Appeal from the Circuit Court, Broward County, Thomas M. Coker, Jr., J.
Richard L. Jorandby, Public Defender, and Anthony Calvello, Asst. Public Defender, West Palm Beach, for appellant.
Jim Smith, Atty. Gen., Tallahassee, and Marlyn J. Altman, Asst. Atty. Gen., West Palm Beach, for appellee.
Theodore Menut, convicted of murder, appealed and while that appeal was pending here he was twice called to testify in trials against one Christopher Clugston. On each occasion he invoked his Fifth Amendment privilege, was granted immunity, refused to testify and was held in contempt. The two judgments of contempt are the subject of this consolidated appeal.

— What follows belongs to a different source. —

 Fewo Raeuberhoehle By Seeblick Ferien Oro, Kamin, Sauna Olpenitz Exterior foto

Appellant argues first that the immunity defined in Section 914.04, Florida Statutes (Supp. 1982), is not coextensive with the scope of the Fifth Amendment because it does not provide derivative use immunity. "[I]mmunity from use and derivative use is coextensive with the scope of the privilege against self-incrimination and therefore is sufficient to compel testimony over a claim of the privilege." Kastigar v. United States, 406 U.S. 441, 453, 92 S.Ct. 1653, 1661, 32 L.Ed.2d 212, 222 (1972). The Florida Statute provides both use and derivative use immunity. State v. Harrison, 442 So.2d 389 (Fla. 4th DCA, 1983); Novo v. Scott, 438 So.2d 477 (Fla. 3d DCA 1983); State v. McSwain, 440 So.2d 502 (Fla. 2d DCA, 1983).

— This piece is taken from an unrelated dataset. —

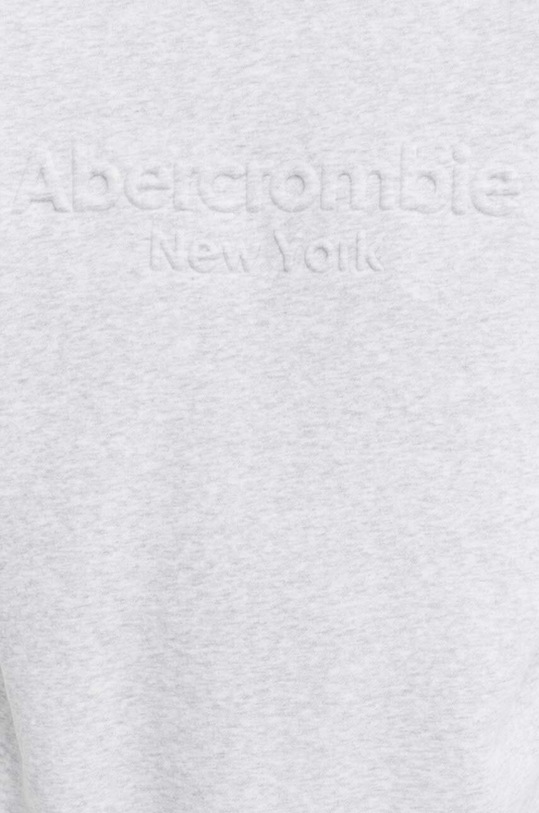 Abercrombie & Fitch bluza KI122.4071.400 szary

Next, appellant maintains that he could not be compelled to testify because he would not be immune from prosecution for perjury. It is true that a grant of immunity is not a license to perjure oneself. It is equally true, however, that a statement given under a grant of immunity may not itself be used to convict for perjury by inconsistent or contradictory statements. McDonald v. State, 321 So.2d 453 (Fla. 4th DCA 1975). See also The Florida Bar v. Doe, 384 So.2d 30 (Fla. 1980) and State v. Harris, 425 So.2d 118 (Fla. 3d DCA 1982). This rule is obviously inapplicable where the state specifically refuses to grant immunity for perjury. Salem v. State, 305 So.2d 23 (Fla. 3d DCA 1974), cert. denied, 315 So.2d 193 (Fla. 1975); Saunders v. State, 319 So.2d 118 (Fla. 1st DCA 1975), cert. discharged, 344 So.2d 567 (Fla. 1977); Feldman v. State, 348 So.2d 415 (Fla. 1st DCA 1977).
We affirm the conviction and find no fault with either of the sentences imposed.
AFFIRMED.
ANSTEAD, C.J., and DOWNEY, J., concur.